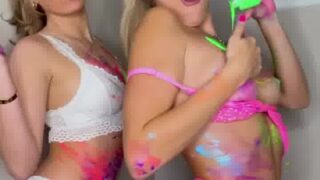 Michelle Scott w/ Friends Body paint – Video Onlyfans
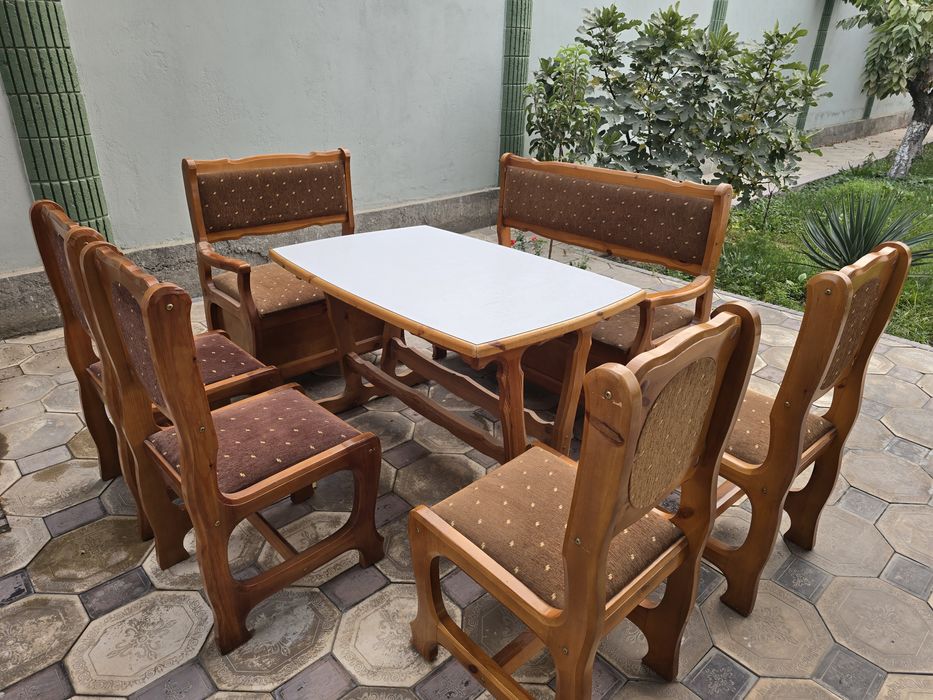 Продаётся кухонный уголок в хорошем состояние, очень прочная из дерева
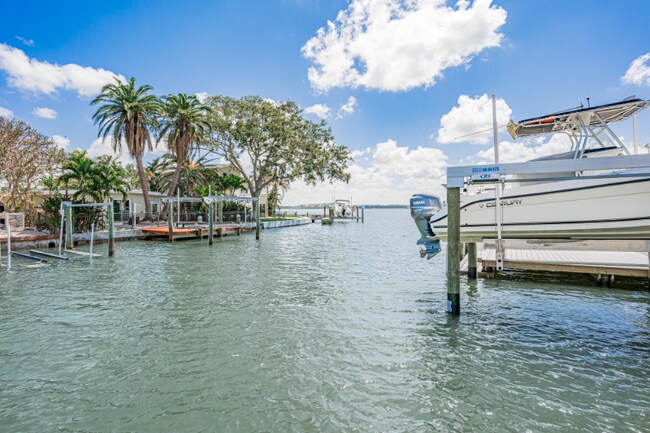 Building Photo - 14827 N Bayshore Dr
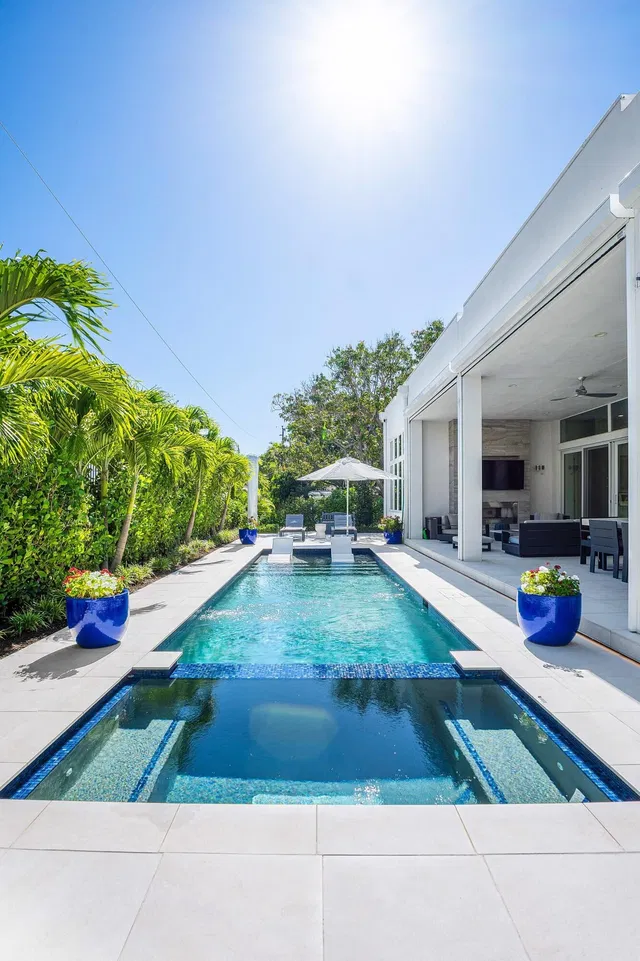 Hypoluxo Island Residence photo 17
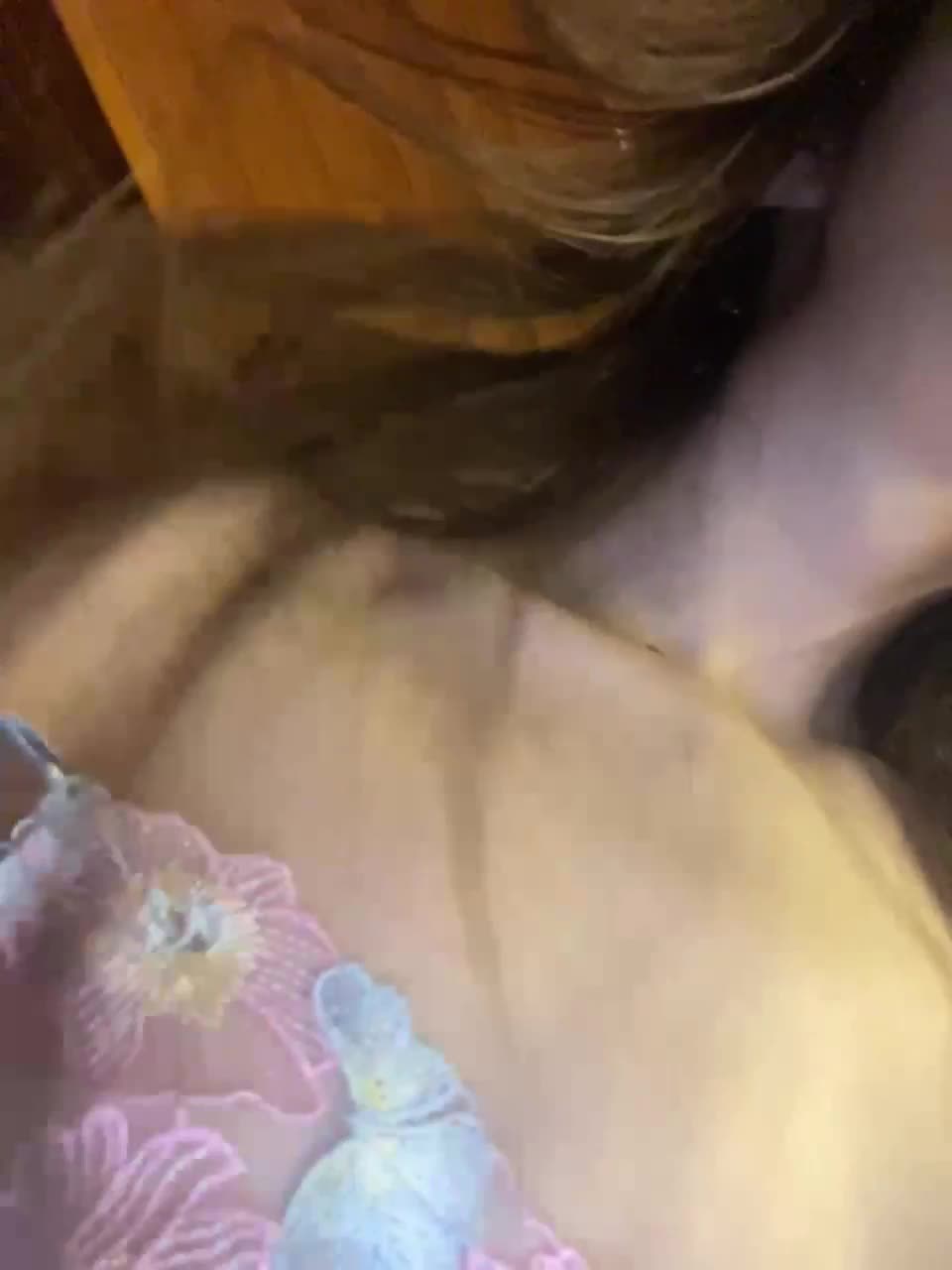 View or download file emyshiny on 2023-01-16 from bongacams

────

Exercise directions: All records above are to be repeated exactly, with the images left out.

Solution below:
 Michelle Scott w/ Friends Body paint – Video Onlyfans
 Продаётся кухонный уголок в хорошем состояние, очень прочная из дерева
 Building Photo - 14827 N Bayshore Dr
 Hypoluxo Island Residence photo 17
 View or download file emyshiny on 2023-01-16 from bongacams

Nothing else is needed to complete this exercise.